I think this post describes so well something which is often challenged and regarded as not possible to do, by some who do not understand what the term 'no limits' means within a D/s relationship. So often I see people placing personal ads where they say they have no limits, and then say except of course a, b, and c, (sometimes all the way to z) but that the list is because everyone has those limits. Apart from the fact not everyone does share that list of limits, having no limits does mean the submissive/slave has no limits, and not that their Dom/me doesn't. The limits within these relationships are set by the Dom/me and yes, it is possible to then say and live authentically in a 'no limits' D/s relationship as a submissive/slave. I cannot imagine living any other way, but also can understand why some others do.

Catalina :rose:
 
How we think of ourselves is very important, and often colors the terminology we use. I can understand why some submissives/slaves want to think of themselves as having no limits, even though this is unrealistic to many others who aren't in that particular relationship.
 
There is no such thing as no limits. Survival mandates limts. Anyone giving away these are on a direct route to destruction and are in need of serious help.
 
Joe Schmoe said:
There is no such thing as no limits. Survival mandates limts. Anyone giving away these are on a direct route to destruction and are in need of serious help.
i dont agree :) giving these away to a person that you trust is far from a direct route to destruction.
 
Kajira Callista said:
i dont agree :) giving these away to a person that you trust is far from a direct route to destruction.

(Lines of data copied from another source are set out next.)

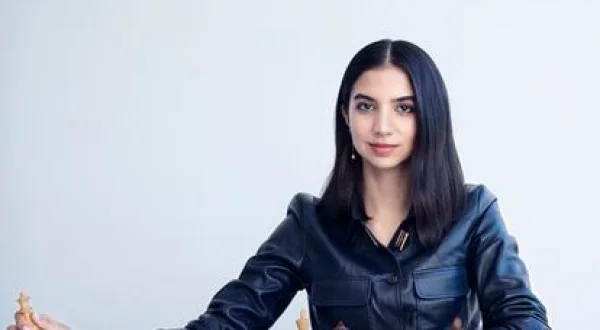 Ajedrez. Entrevista a Sara Khadem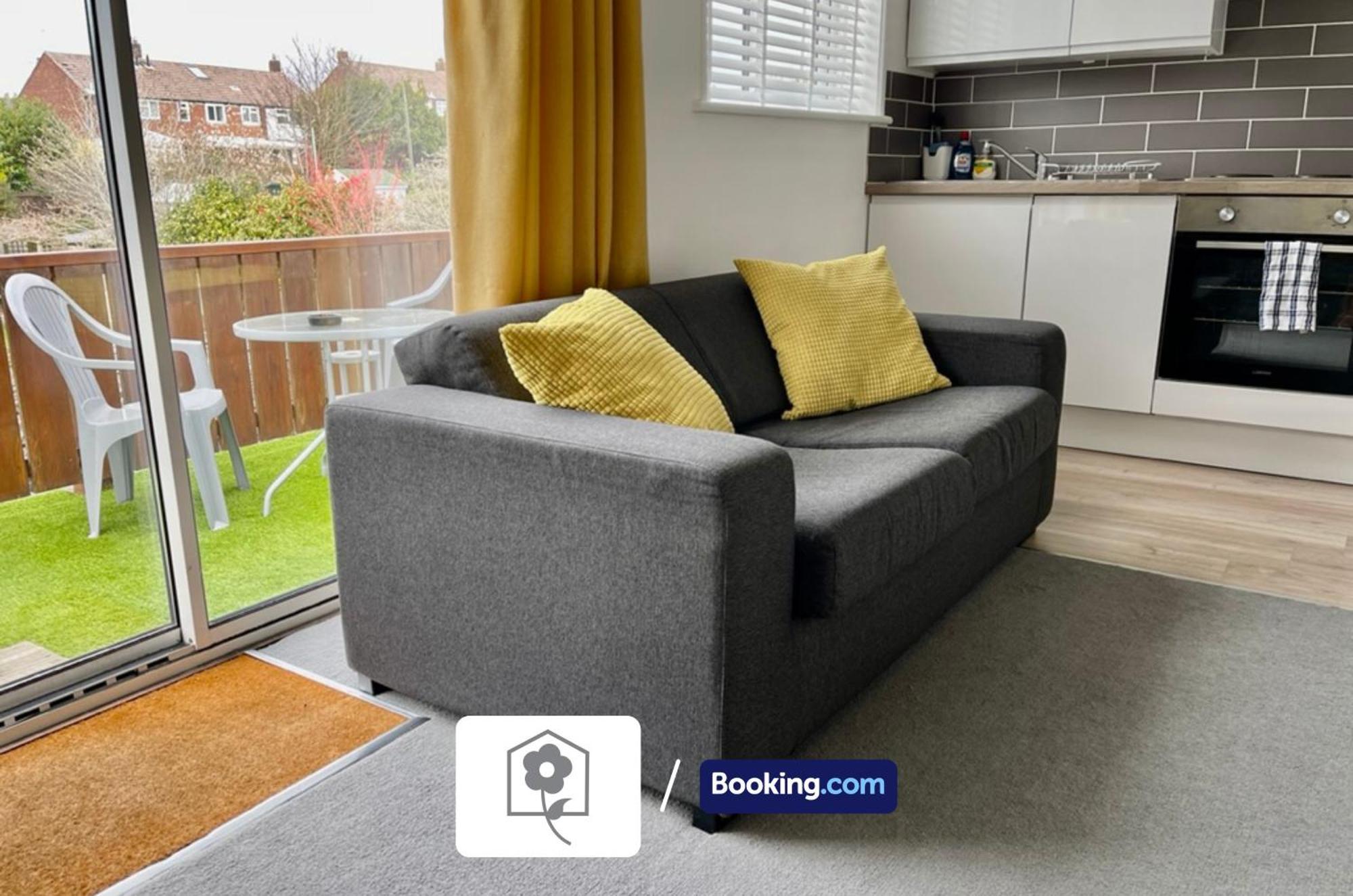 Netley Village Apartment By Your Stay Solutions Short Lets & Serviced Accommodation Netley Southampton With Free Wi-Fi Хамбъл Екстериор снимка
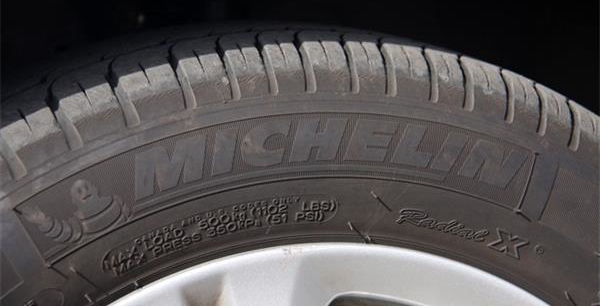 轮胎的胎压标识的含义是什么,轮胎上标示速度45l是多少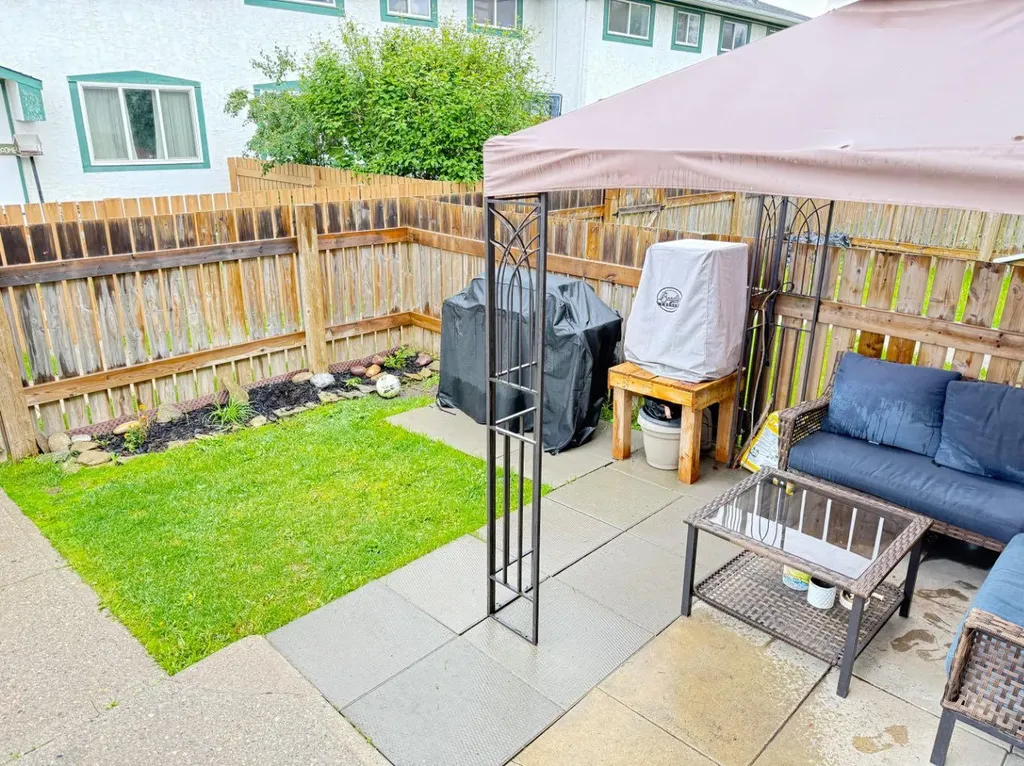 110 Tamarack Avenue Hinton AB T7V 1C5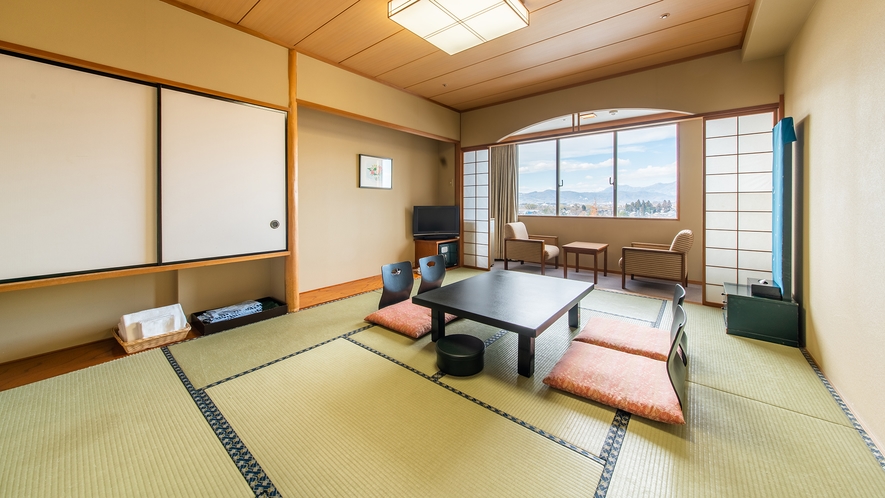 ［和室］10畳の広さの和室は、ファミリーやグループ旅行におすすめです。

LOL, well said KC....I often think some of the disbelief comes from fear. :confused:

Catalina :rose:
 
Definitions

I think the two sides in this never-ending controversy are not as far apart as it seems on the surface. The two sides don't mean the same thing when they say "no limits", or "my limits are my Master's limits". What this means to me is that they know the Master won't make them violate their limits, so they are safe in the "no limits" posture.

This issue is sort of like the lumberjack who said he used the same axe for fifty years. When questioned about that, he clarified what he meant. "I had to replace the handle nine times, and the head three times, but other than that it's the same axe."

To say you have limits is to somehow make you less submissive- to place restrictions on your Master's controls, and many subs just aren't comfortable with that idea.